Ma anche questo misurarsi a distanza fa parte dei negoziati che si reggono su dinamiche tanto pratiche quanto di pure propaganda, e proprio su tali aspetti dovranno ragionare i tecnici nei prossimi giorni. Nessuno vuole uscire sconfitto ma qualcuno dovrà pur rimetterci una briciola in più dell’altro. Non potevano mancare, poi, le reazioni dei Paesi che, pur non essendo direttamente coinvolti nelle trattative, dalle stesse vengono tirati in ballo pesantemente a livello politico e strategico. Arabia Saudita e Israele in primis hanno da subito bagnato l’evento come un madornale errore che metterebbe, qualora confermato, in grado l’Iran di continuare ad avere un proprio programma nucleare - semplicemente limitato per un dato periodo – e grazie alla cancellazione delle sanzioni, farebbe confluire ingenti somme di denaro nel Paese che si troverebbe così di colpo più ricco e quindi influente.
I problemi sono evidentemente di ordine geopolitico e mentre per Israele più che il rischio reale di un attacco si prospetterebbe la venuta meno di un nemico contro cui fare fronte comune in patria (le ultime elezioni confermano) e con gli USA, per Riyadh il discorso sarebbe più complesso, in quanto affronta aspetti economici – l’Iran è molto ricco di giacimenti – e politico/religiosi, essendo Teheran sponsor degli sciiti nel mondo. La motivazione addotta, poi, che vedrebbe Teheran dietro le rivolte sciite e vogliosa di poter espandere la propria sfera di influenza, è sicuramente reale e descritta benissimo dall’Arabia che fa lo stesso ma sul fronte opposto. Il fatto è che, nonostante a parole siano tutti molto preoccupati del fatto che l’Iran potrebbe disattendere le promesse e con un colpo di coda riprendere la corsa al nucleare, con in tasca molti più fondi e competenze, sembra che la speranza sia proprio che ciò avvenga. Questo imporrebbe a tutto il sestetto un ripensamento (problematico a causa della presenza di Russia e Cina) e darebbe ragione a Netanyahu e Salman che si ergono come unici partner affidabili nell’area e in grado di gestirne le sorti.
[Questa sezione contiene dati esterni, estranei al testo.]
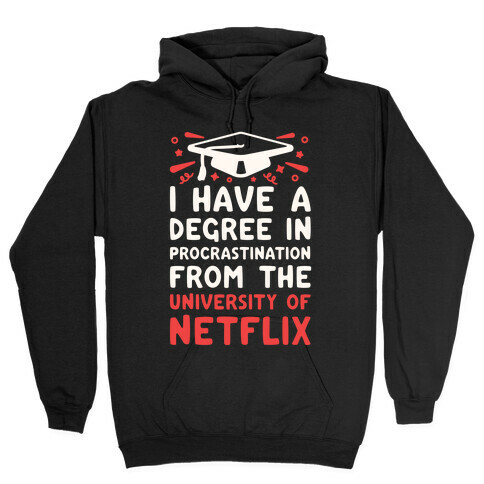 I Have A Degree In Procrastination From The University Of Netflix Hooded Sweatshirt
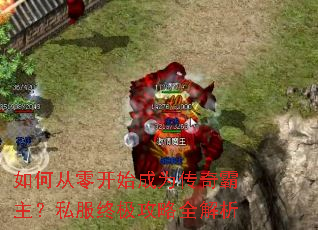 如何从零开始成为传奇霸主?私服终极攻略全解析 如何从零开始成为传奇霸主?私服终极攻略全解析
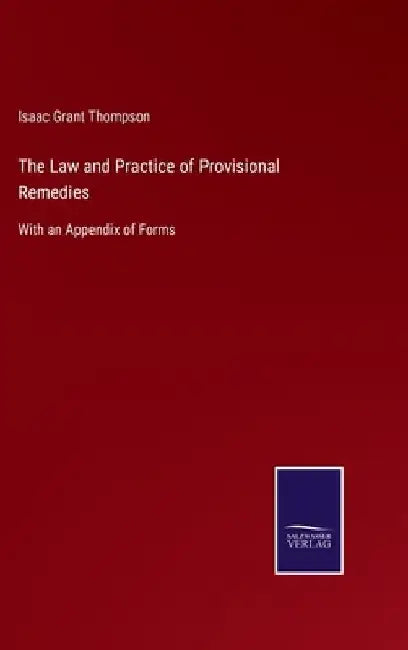 The Law and Practice of Provisional Remedies: With an Appendix of Forms by Isaac Grant Thompson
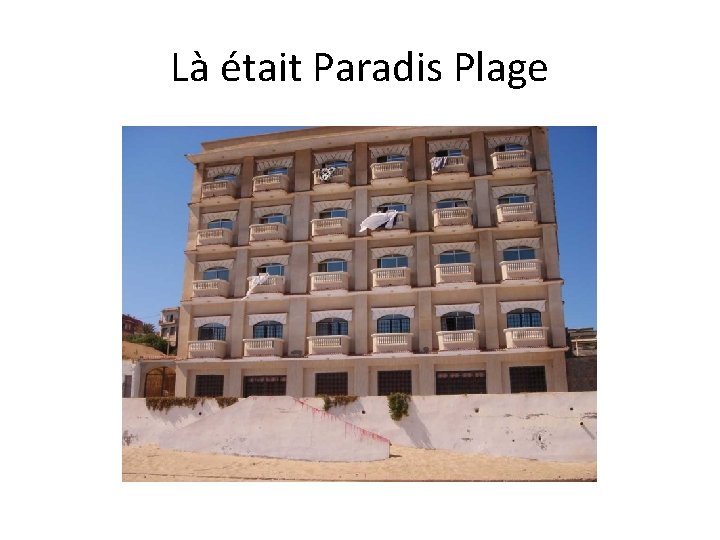 Là était Paradis Plage 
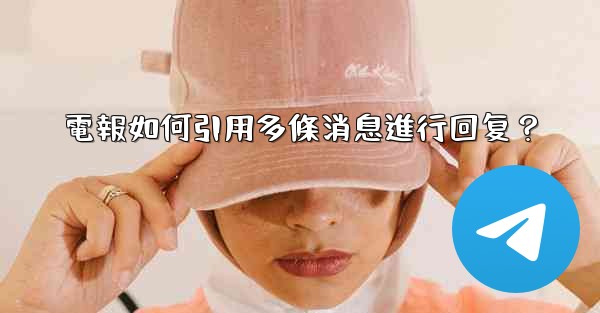 電報如何引用多條消息進行回复？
Il vero rischio che corrono i due anomali alleati, però, è che l’Iran abbia invece davvero intenzione di voltare pagina, non avendo più nulla da temere né dall’occidente né tantomeno dall’ex vicino Saddam, passato a miglior vita. Liberatosi dai vincoli che lo tenevano legato ad un’ideologia di scontro, Teheran potrebbe davvero avvalersi di questa opportunità e sparigliare le carte in Medio Oriente. A quel punto, infatti, tutti nell’area dovrebbero misurarsi con un nuovo attore con le loro stesse smanie di protagonismo e in più con una potenziale platea verso cui rivolgersi, numerosa e per alcuni molto fastidiosa.